▸ **EXERCISE**
With pictures excluded, copy word for word the lines in the data below from the line containing "For Sale: $549,000" through the line containing "Photo 10 from".

▸ **MATERIAL SHOWN**
:::::

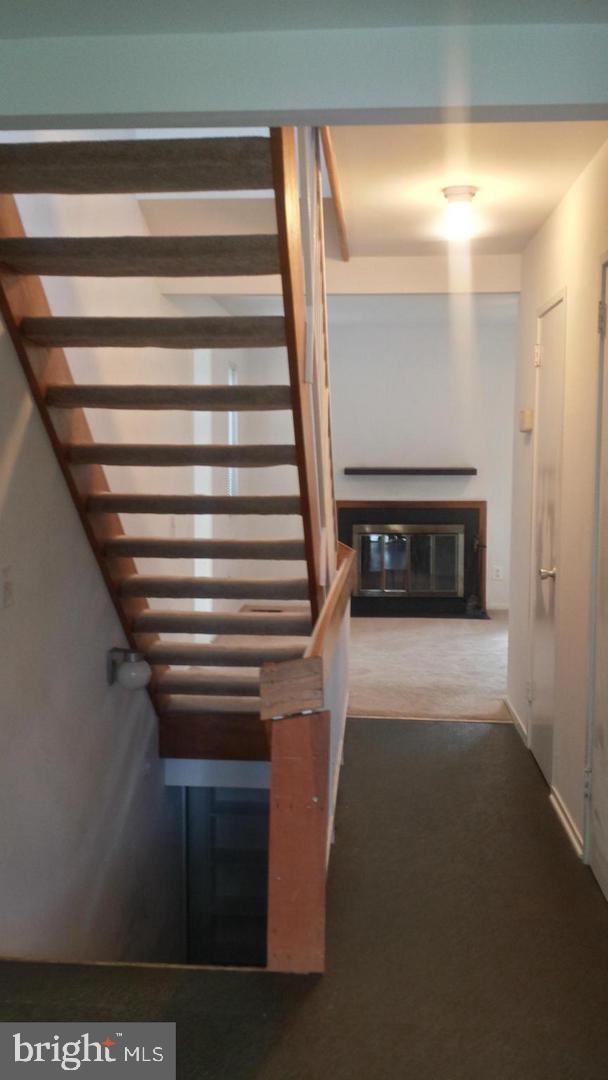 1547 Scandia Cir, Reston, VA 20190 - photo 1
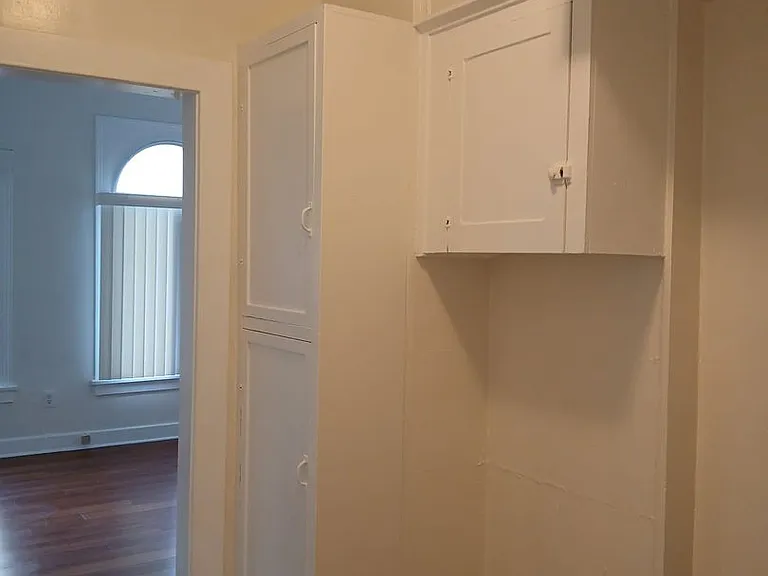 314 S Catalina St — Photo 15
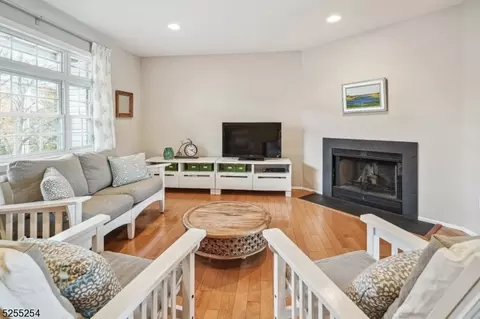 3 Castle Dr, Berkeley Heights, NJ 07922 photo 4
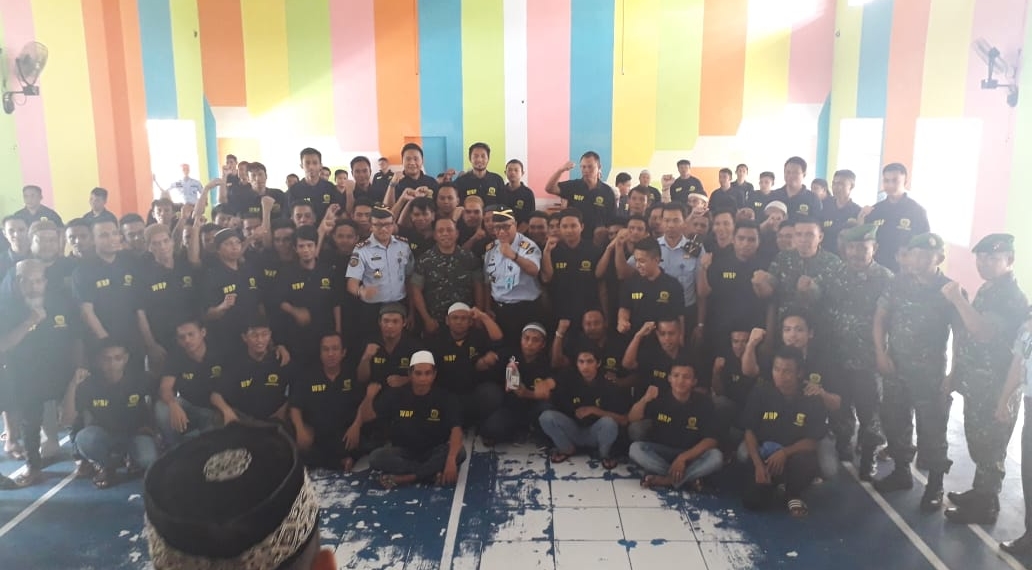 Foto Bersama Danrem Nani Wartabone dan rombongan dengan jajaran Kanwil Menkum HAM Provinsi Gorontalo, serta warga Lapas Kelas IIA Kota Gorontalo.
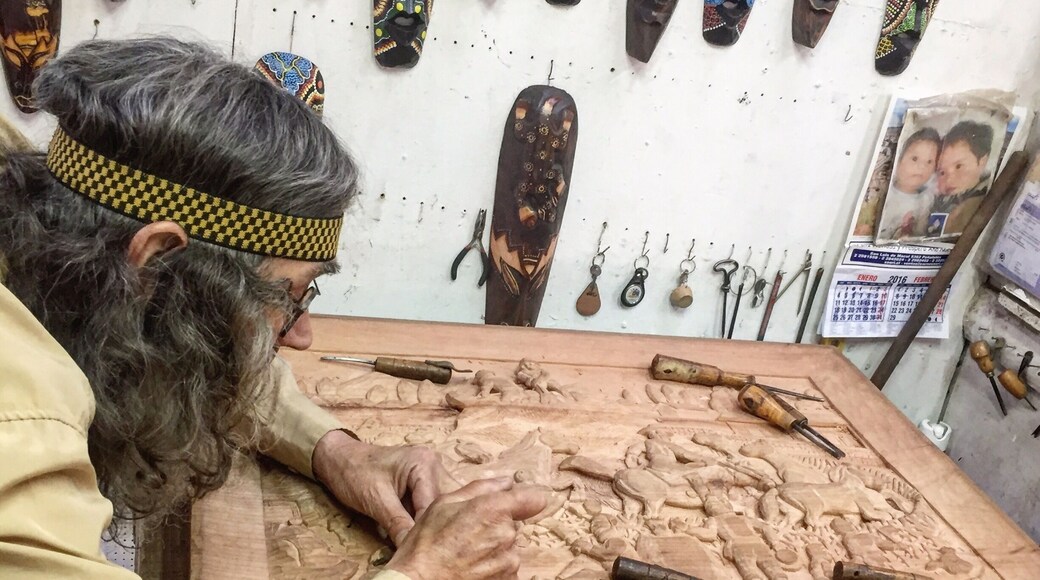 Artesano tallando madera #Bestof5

:::::

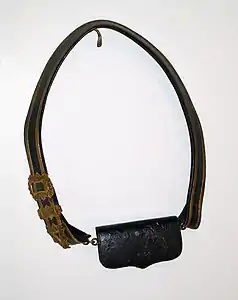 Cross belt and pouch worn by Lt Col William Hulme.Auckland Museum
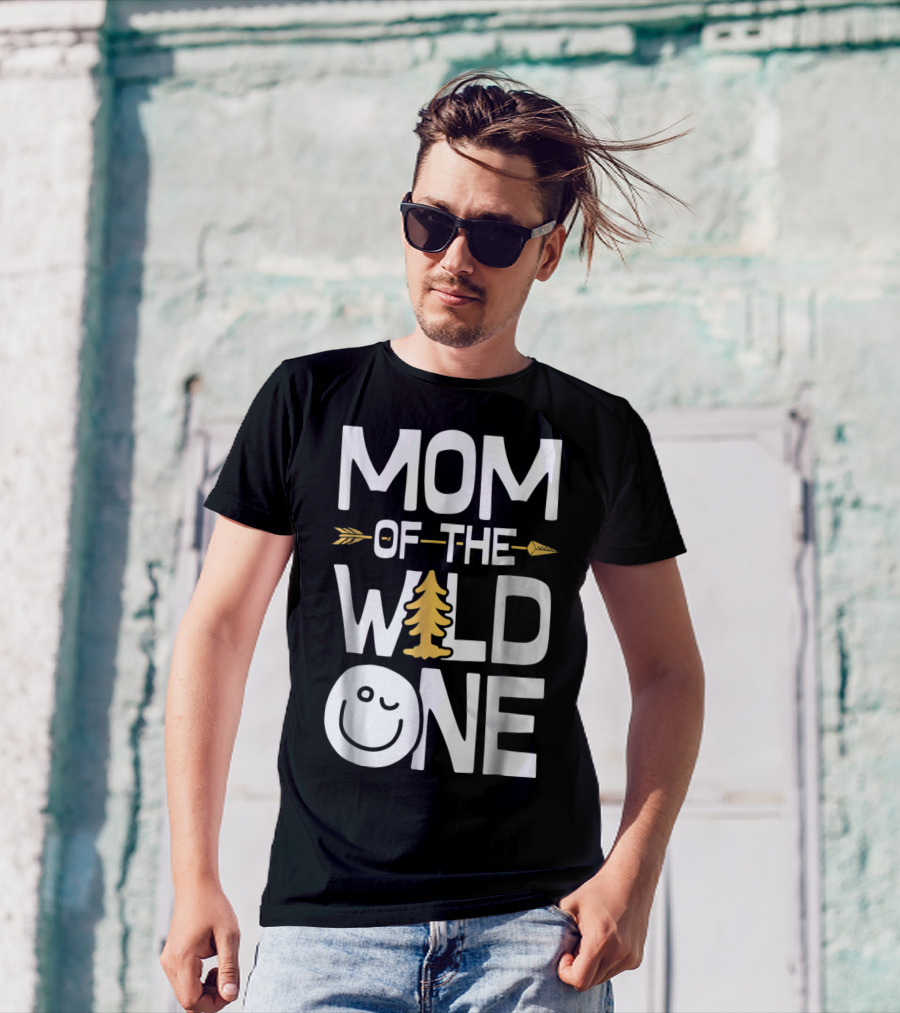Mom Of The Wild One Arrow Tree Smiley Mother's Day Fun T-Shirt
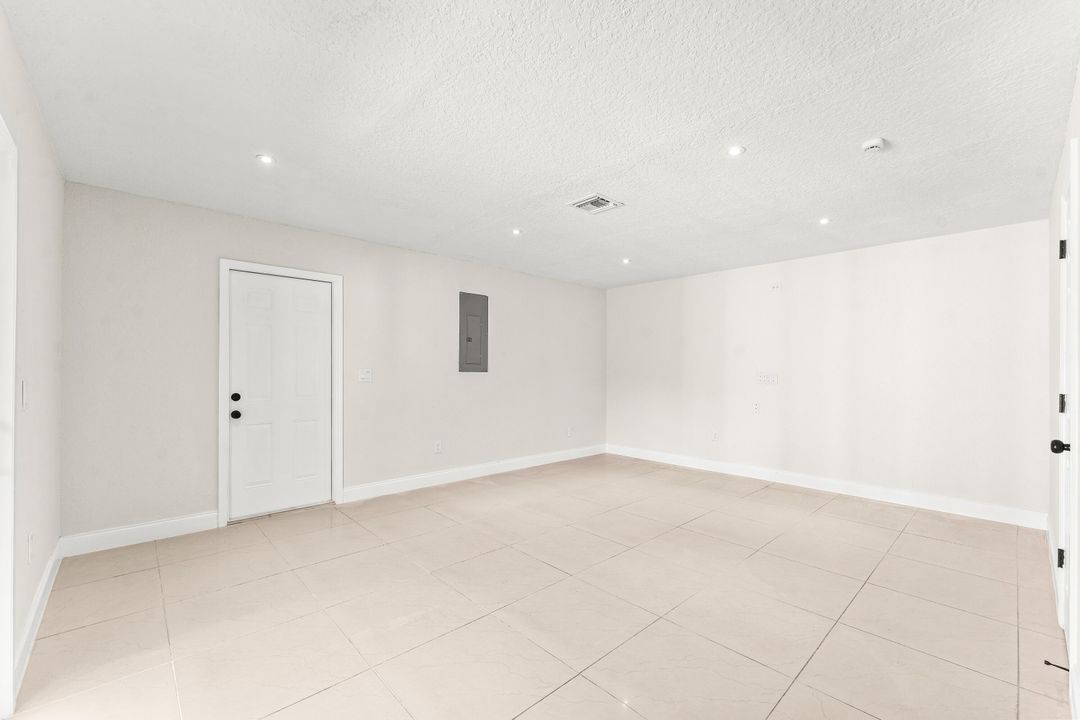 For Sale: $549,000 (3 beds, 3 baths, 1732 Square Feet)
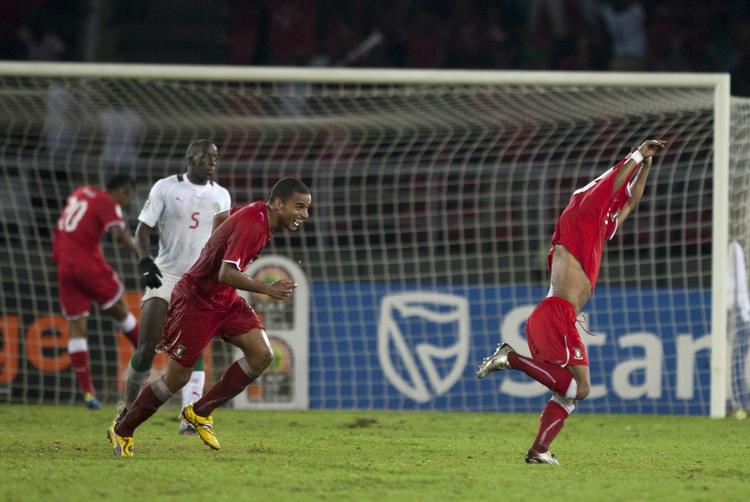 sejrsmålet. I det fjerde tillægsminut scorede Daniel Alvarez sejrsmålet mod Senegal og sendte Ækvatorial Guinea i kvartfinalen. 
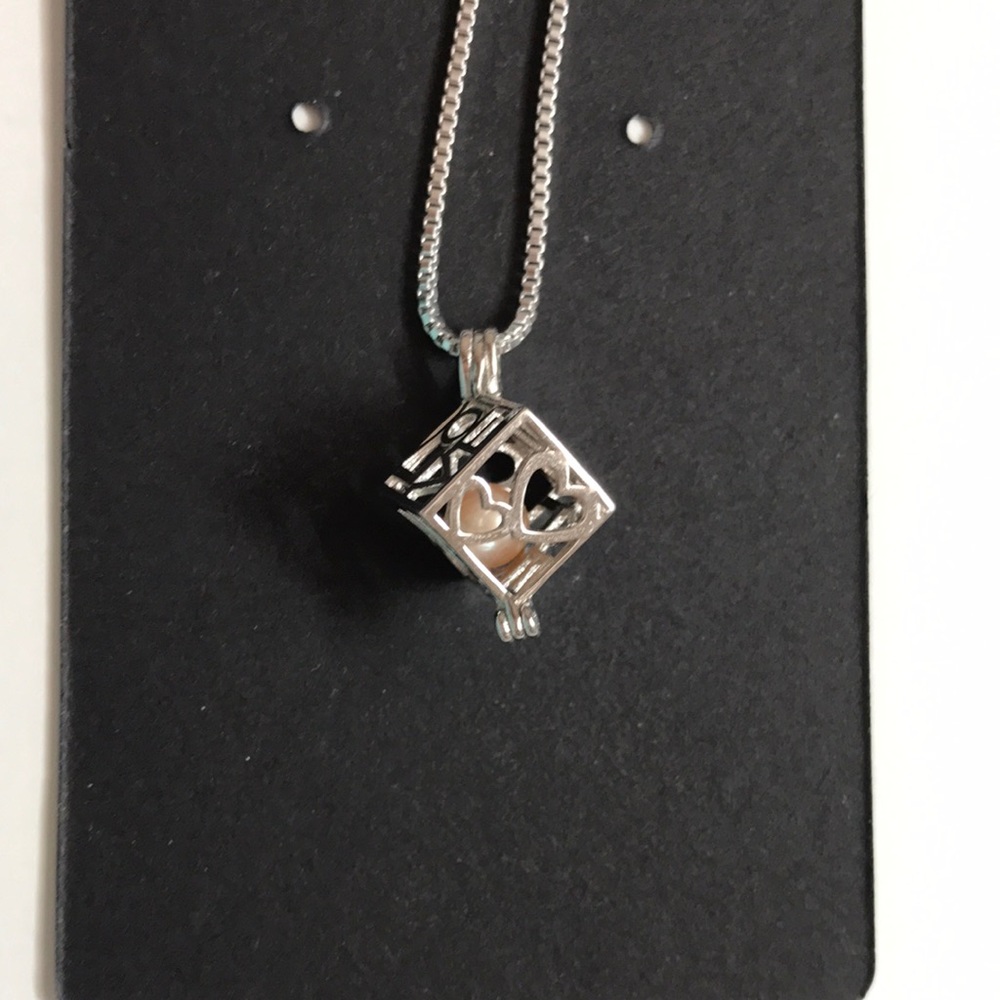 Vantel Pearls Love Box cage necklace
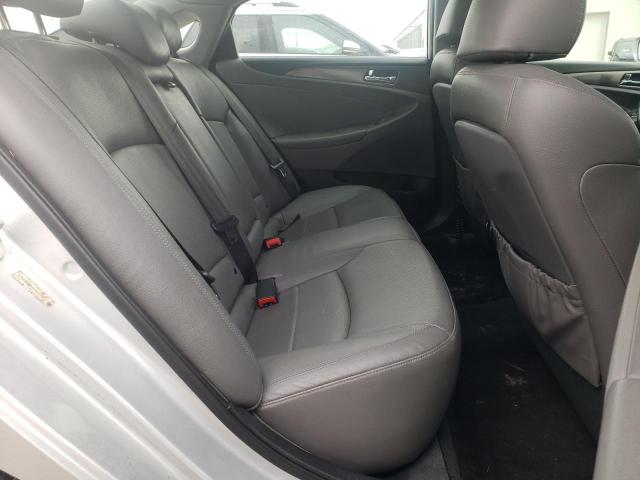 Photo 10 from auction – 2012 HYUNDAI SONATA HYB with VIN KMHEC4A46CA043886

:::::

▸ **TASK SOLUTION**
 For Sale: $549,000 (3 beds, 3 baths, 1732 Square Feet)
 sejrsmålet. I det fjerde tillægsminut scorede Daniel Alvarez sejrsmålet mod Senegal og sendte Ækvatorial Guinea i kvartfinalen. 
 Vantel Pearls Love Box cage necklace
 Photo 10 from auction – 2012 HYUNDAI SONATA HYB with VIN KMHEC4A46CA043886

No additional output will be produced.